Today, the identity of the rebels is better known. A rebel delegation met with U.S. Secretary of State Hillary Clinton on the sidelines of the G8 meeting and the Obama administration has appointed a diplomatic liaison to Libya's rebel groups. Similarly, the EU's foreign-affairs chief, Catherine Ashton, has announced she is sending a mission to rebel-held Benghazi.
But there still seems to be little to suggest that formal recognition of the rebels is in the offing or ever will be. And again the reason may be that too many questions undermine the West's confidence in them.
Shahshank Joshi, an associate fellow and regional expert at London's Royal United Services Institute, says the West knows some key figures in the upper echelons of the leadership. But, he says, "what we don't know are the fractures lying within the rebel movement. How are they divided? How do they interact with tribal divisions? And, particularly, do they disagree on military aims and a possible settlement?"
Former Justice Minister Mustafa Abdel-Jalil has emerged as the best-known leader of the anti-Qaddafi movement.
The best-known figure in the transitional council is its chairman, former Justice Minister Mustafa Abdel-Jalil. The London-based Arabic newspaper "Asharq al-Awsat" recently described him as famous in Libya for his past readiness to defend dissidents who challenged Qaddafi's regime.
Jalil resigned as justice minister on February 21, five days after the outbreak of Libya's revolution, saying he opposed the excessive use of force against the demonstrators. He then went on to form a transitional government based in the city of Benghazi comprising 30 civilian and military members to run the affairs in all liberated areas.
Where Are The Well-Known Liberals?
That defection seems enough to have secured Jalil and his Transitional Council a popular base in Benghazi, the rebels' remaining bastion of power. But for Western capitals, what the Libyan revolution seems to critically lack is a leader with internationally established liberal credentials.
"In Egypt," Joshi says, "we had figures like Mohamed ElBaradei, who for a considerable length of time had been campaigning against the government, who was a perceived liberal figure." And, he says, "it is those figures we lack in Libya."

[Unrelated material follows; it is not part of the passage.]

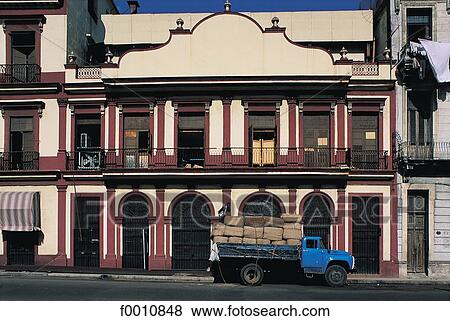 Havan, Partagas factory, old truck View Large Photo Image Stock Photo - Havan, Partagas factory, old truck. Fotosearch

Now, as Qaddafi's forces roll back the early rebel gains and approach the gates of Benghazi, some analysts believe it is too late to expect Western governments to reverse course and recognize the rebel leadership.
Jean-Pierre Darnis, the deputy head of the security and defense department at Rome's Institute of International Affairs, says that as recently as last week the West could have helped the insurgents militarily when they were on the winning side. "Now," he says, "they are losing, and if you help people who are losing it's useless. You go nowhere."
Pressure, Not Recognition
Most countries seem to be convinced that pressuring Qaddafi is a better strategy than backing the rebels. The pressure includes direct measures like sanctions and implied threats such as talk of no-fly zones.
As British Foreign Secretary William Hague said this week: "We want to increase the pressure on Qaddafi, tighten sanctions. There is common ground here in the G8, and while not every nation sees eye-to-eye on issues such as the no-fly zone, there is a common appetite to increase the pressure on Qaddafi."
That strategy might appear to risk running aground on Qaddafi's own strident defiance of any foreign pressure. But many analysts believe the real target for the pressure is not Qaddafi himself but his sons and other key figures around him.
Those people cannot be expected to defect from Qaddafi's inner circle as many of the rebel leaders did. But because they have economic interests tied to the West, the hope is they may yet exert a moderating influence as the crisis evolves.
One example, Joshi says, could be Qaddafi's son Saif, who has had one foot in the West for many years. "Saif and his senior commanders may wish to salvage something from the situation and that may be part of the reason why Western states are keeping a channel open to the Libyan government rather than severing those entirely," Joshi says.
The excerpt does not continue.